An emotionally rich drama about an immigrant to 1950s America, Brooklyn is a film with a sure touch. The story concerns Eilis Lacey, a young woman coming of age in a small Irish town, and played by Saoirse Ronan. Miserable in her part-time job at a grocery, with a mean and spiteful boss, and with no prospects in sight, she gets an offer from a priest, a friend of the family living in New York played by Jim Broadbent, to come to the U.S., where he can help her to get an education and find work. She is encouraged to take the offer by her beloved older sister, who is employed and content to stay and take care of their aging mother. Unaware of how difficult this move will really be, Eilis makes the passage across the Atlantic, where she finds herself living in a Brooklyn boarding house and working as a department store sales clerk, all the while suffering an agony of homesickness.
Adapted by Nick Hornby from a novel by Colm Toibin, and directed by John Crowley, the film avoids sentimentality and melodrama, instead focusing our interest on the subtle changes within the heart and mind of its young heroine. Brooklyn is about the meaning of home, and how that meaning can change with time and experience. And it is blessed with a luminous performance from its lead actress. Saoirse Ronan has been a striking presence in movies since she was 13, nominated for an Oscar for her supporting role in Atonement, and then starring in The Lovely Bones, the thriller Hanna, and other parts. I was never sure what all the fuss was about in these juvenile roles, but now at 21 in this, her first adult part, her acting has the impact of a revelation. She conveys Eilis’ fear, love, hope, insecurity, grief, passion and growing self-realization with seemingly effortless skill and grace.
Crowley and his production designers create a strong feeling for the 1950s, a conservative time that seems so long ago, while maintaining a connection with characters whose thoughts and feelings are very much like out own. Julie Walters is on hand as the proprietress of the boarding house, reacting with sharp disdain towards the easy manners of the other girls living there with statements such as “giddiness is the eighth deadly sin.” The recurring scenes at the dinner table are an amusing motif.
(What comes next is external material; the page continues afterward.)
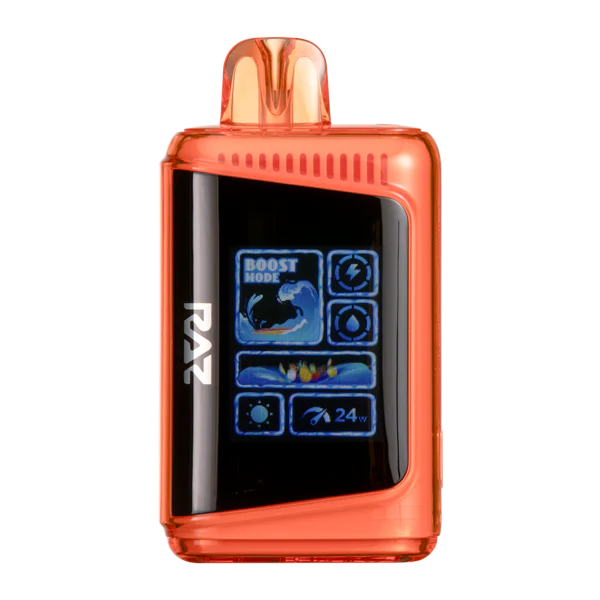 RAZ LTX25000 25K Puffs Disposable Vape 25000 - Punch Edition - Orange Pineapple Punch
Eilis eventually draws the attention of a sweet young Italian-American played by Emory Cohen. The romance is awkward but sincere. The interesting central conflict of the film occurs when circumstances force Eilis to go back to Ireland on a visit. It turns out there is much to attract her there, and so she must make a choice between the new life and the old, and ultimately confront the changes that have happened within her since leaving Ireland. It’s a tribute to all involved that we’re not sure what choice she will make.
The sadness, the joy, and the hard-won wisdom of life come together in Brooklyn. It left a warm glow in my heart.